With his enormous catalog of hit songs and even larger public persona, Elton John has kept audiences enthralled since he first emerged in the late '60s. For his first few records, he turned to various hired guns for stage and studio work, but his decision in 1971 to form a full-time band proved to be a wise one, leading to a string of massively successful albums and tours.
On bass guitar, Dee Murray developed a style that built on the melodic approach Paul McCartney had perfected with the Beatles. “Dee's a player who's been really overlooked,” Davey Johnstone, longtime Elton John guitar guru, told Bass Player. “He was such a fluid player, with beautiful musical ideas.”
Murray was also the last bassist ever to play onstage with John Lennon, in a 1974 Elton John concert at New York City’s Madison Square Garden. The performance was captured on Here and There.
Between 1971 and 1975, Murray anchored what would become Elton John's most celebrated albums, including the 1973 double album Goodbye Yellow Brick Road. The centerpiece of that record's hat trick of hit songs (sandwiched between Candle in the Wind and the title track), Bennie and the Jets captures the spirit of pop glitz and glamour that Elton John came to embody. It also presents a concise primer of Dee Murray's quirky bass craft.

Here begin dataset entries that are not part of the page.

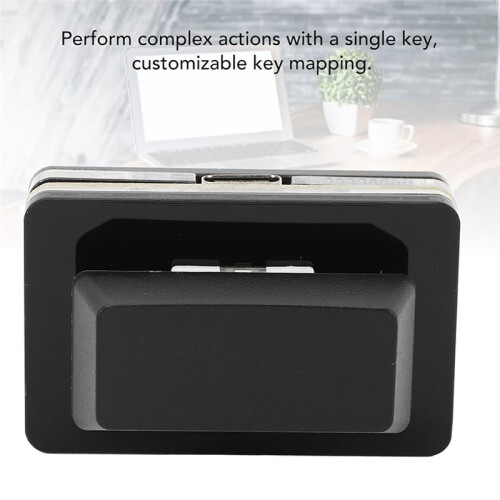 Programmable Macro PC Keyboard, USB Single Keyboard Type C Wired User Defined Single Buttons Mechanical Keyboard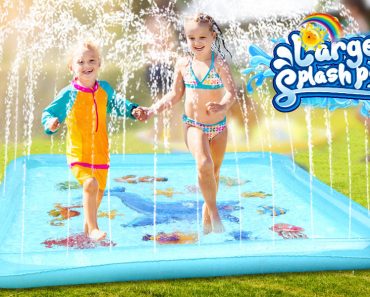 Growsland 67″ Splash Pad Sprinkler Toy Only $15.29!
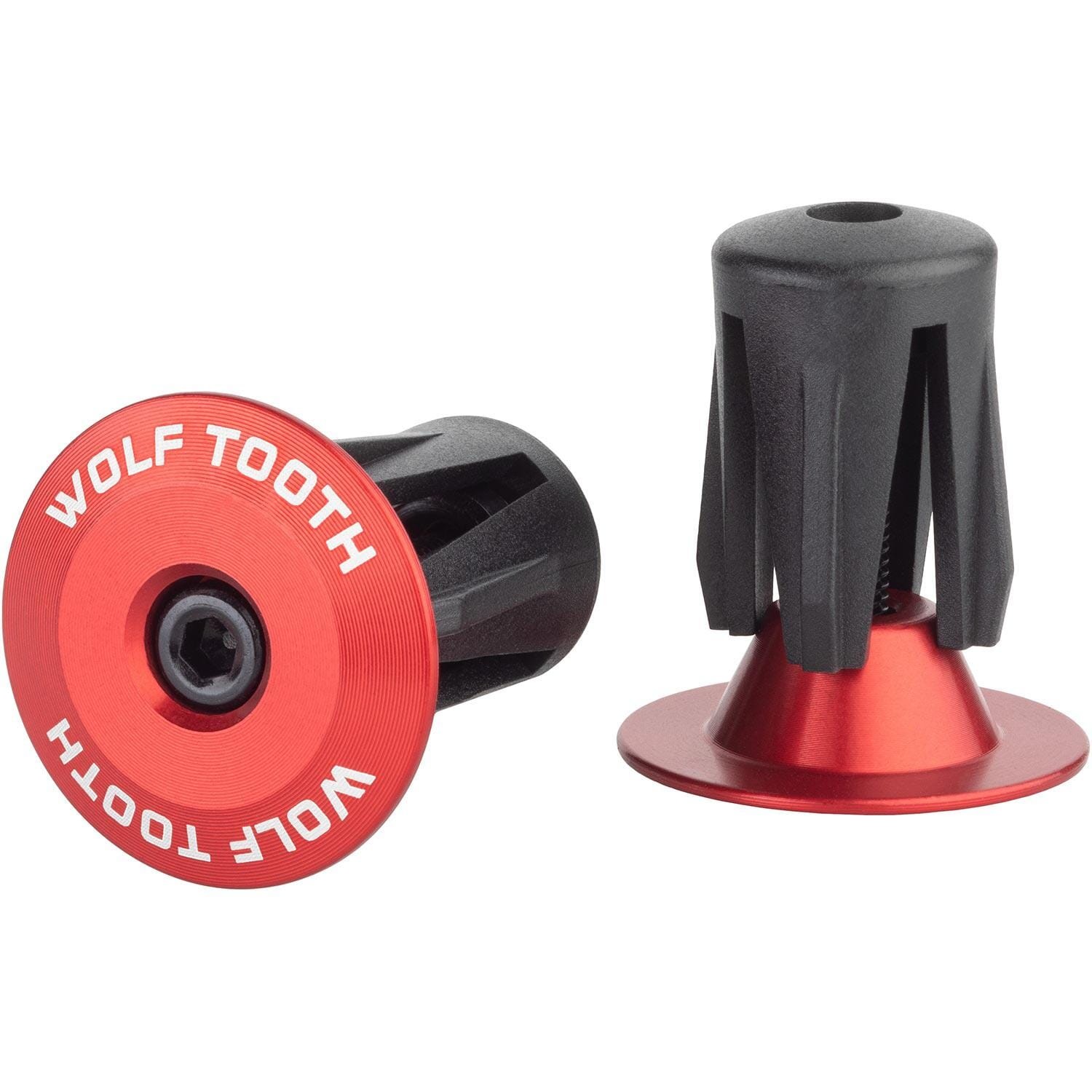 Wolf Tooth Alloy Bar End Plugs Red One Size 8890₽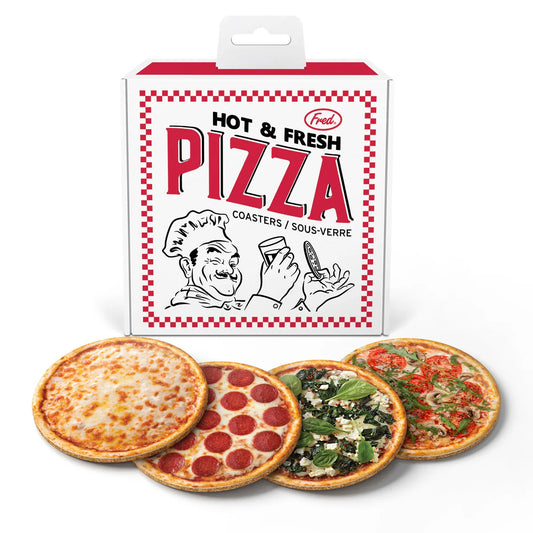 Hot & Fresh Pizza Coasters S/4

“We thought Bennie and the Jets was a really odd song,” said Johnstone. “We never thought in a million years it would be a single.
“Producer Gus Dudgeon was responsible for the song's sound. He used the audience from Jimi Hendrix's performance on the Isle of Wight to kick it off – that's the audience clapping for Jimi to come back onstage. And he put that weird ambience on Nigel's drums.”
“We did it in one or two takes. Your first ideas are usually your best; if you belabor them, they start to sound pretentious. Yellow Brick Road was a double album, and we did it in 16 days! That's the magic you get with a band like that.
“It always worked the same way: Bernie Taupin would bring in the lyrics, and Elton would have a go at it. If he didn't have anything within 20 minutes, he'd stop. Most of the big songs were written inside 15 or 20 minutes.”
Judging from the first four bars of music, there's not much to Murray's bassline in Bennie and the Jets. After all, anyone can play staccato downbeats at this tempo, right? Well, not really. In analysing any bassline, it's important to pay attention to note length. Here, it's absolutely crucial.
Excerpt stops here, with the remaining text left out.